The humble koyla in a chemically altered form is being used in everything, from burger breads to face scrubs. If healthy-is-the-new-sexy is your status, you'll have at least one activated charcoal product in your home. Question is, should you?
It's great," says Jayadev Calamur, an Andheri East resident, while discussing a face wash that he has just started using. The 35-year-old who heads the content team at a startup in Kurla says the treatment of a 2003 bout of tuberculosis of the intestine, killed not just the TB bacteria in his body, but also the good bacteria, which reflected on his skin.

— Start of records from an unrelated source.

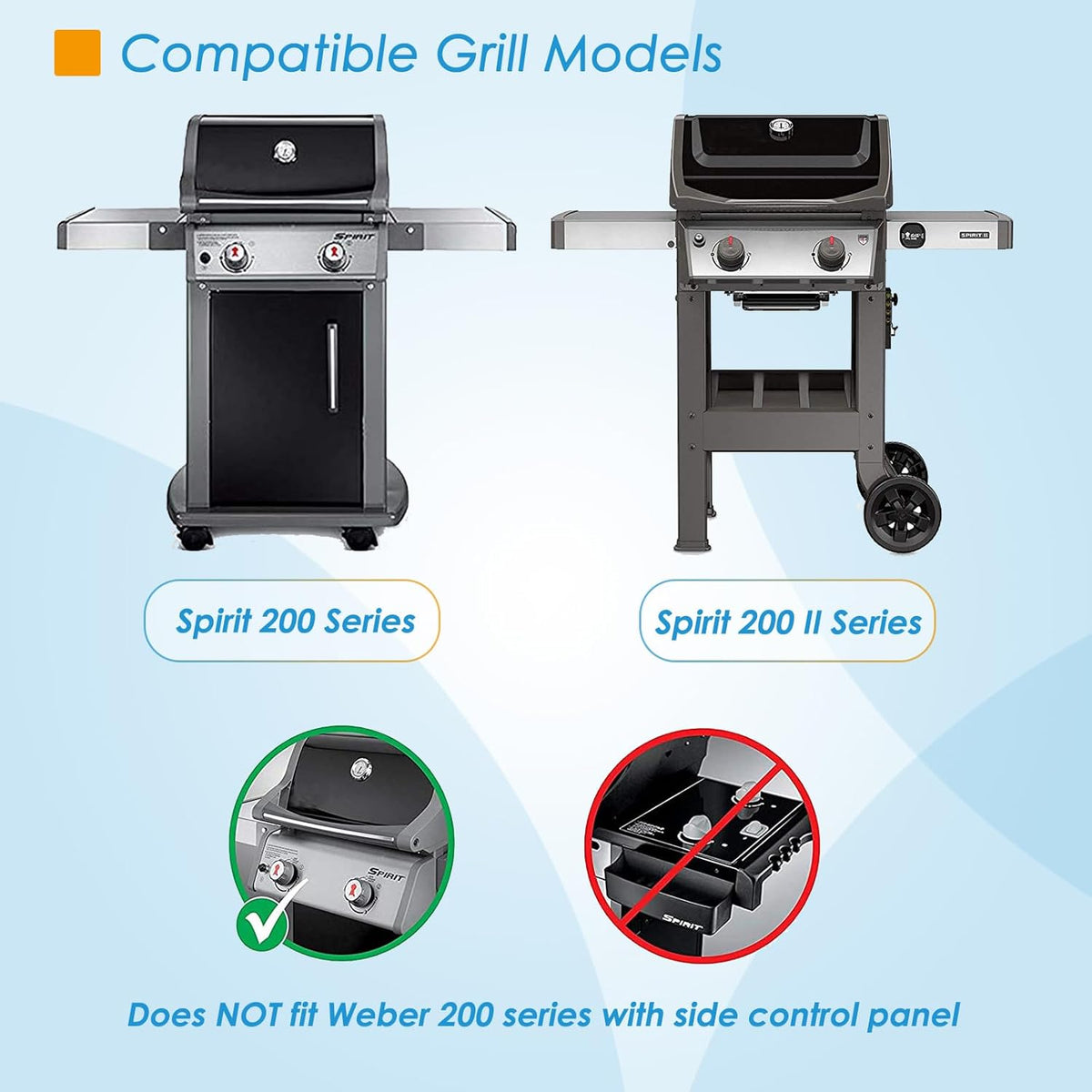 7637 17.5" Grill Grates Replacement for Weber Spirit I & II 200 Series, for Weber Spirit Grill Grates, Spirit 210, GS4 Spirit II 200 for Weber Spirit II Grill Parts, 7MM Stainless Steel Grill Grates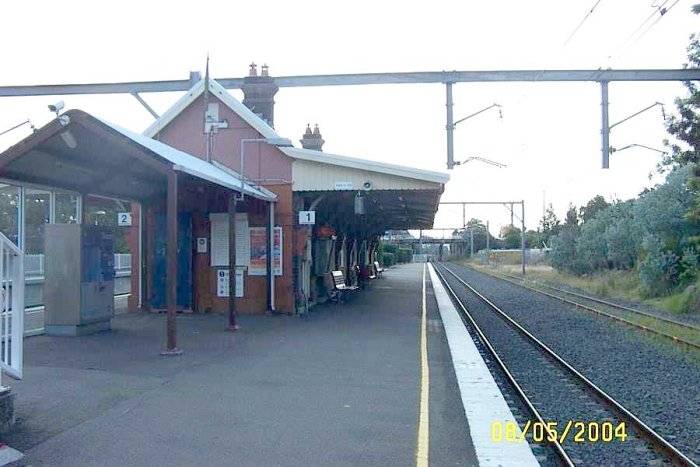 The view looking north along platform 1.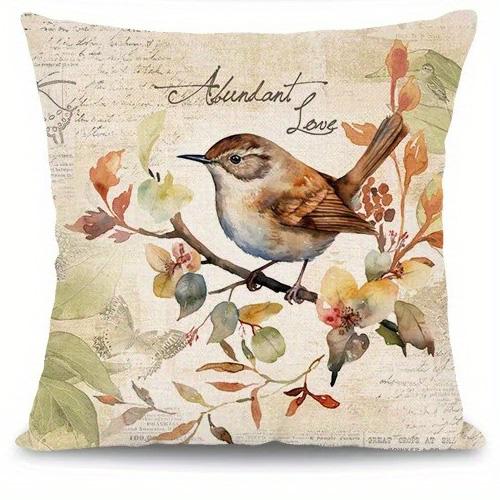 

Home Decor Autumn Theme Decor with Birds and Quote Pattern Cushion Covers for Sofa Bedroom Car Pillow Covers 16x16Inch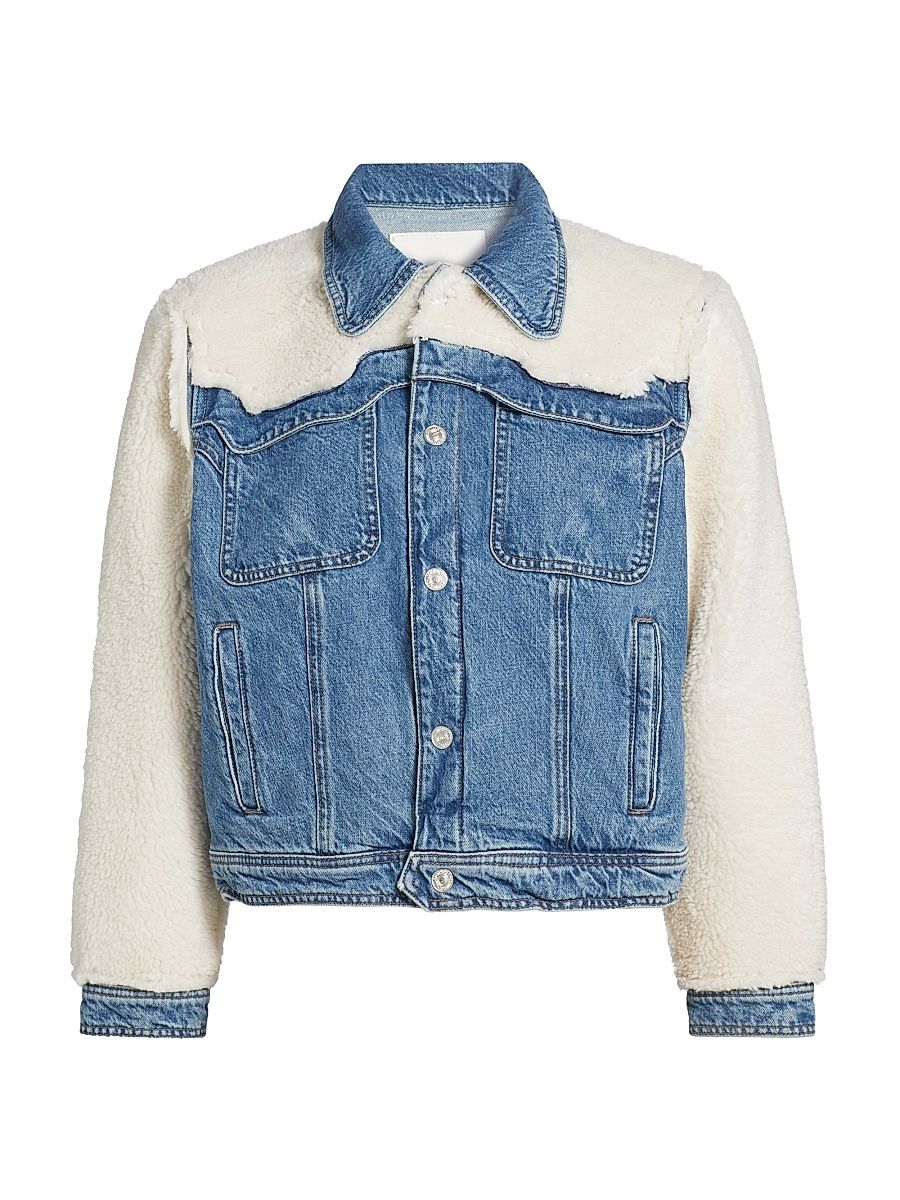 Women's Backbend Faux Shearling Denim Jacket - Deans List - Size XS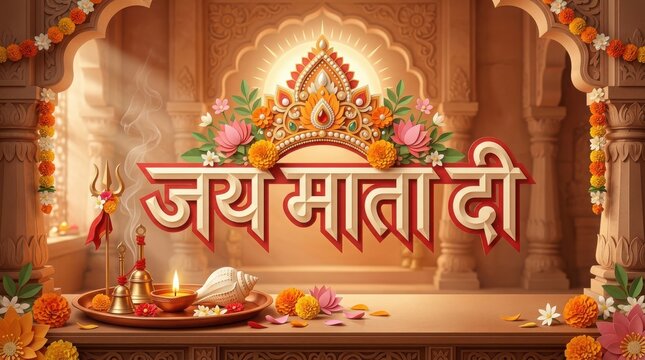 Jay mata di festive greeting featuring temple architecture crown flowers diya oil lamp and incense smoke hindu celebration.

"I had flaky skin, acne and several dermatological issues. I also began getting scales on my scalp, which I haven't been able to resolve yet. It's essentially a very dry scalp and if I try to do anything with it, I get wounds." Medicines, creams haven't helped. Shaving would lead to the skin peeling off, and so in 2010, he started growing a beard. This led him to stop at a Beardo stall, a company that sells skincare products for men, while at a mall. "They suggested that the activated charcoal product might just work for my skin. And it has. I don't feel like my skin is dying on me anymore."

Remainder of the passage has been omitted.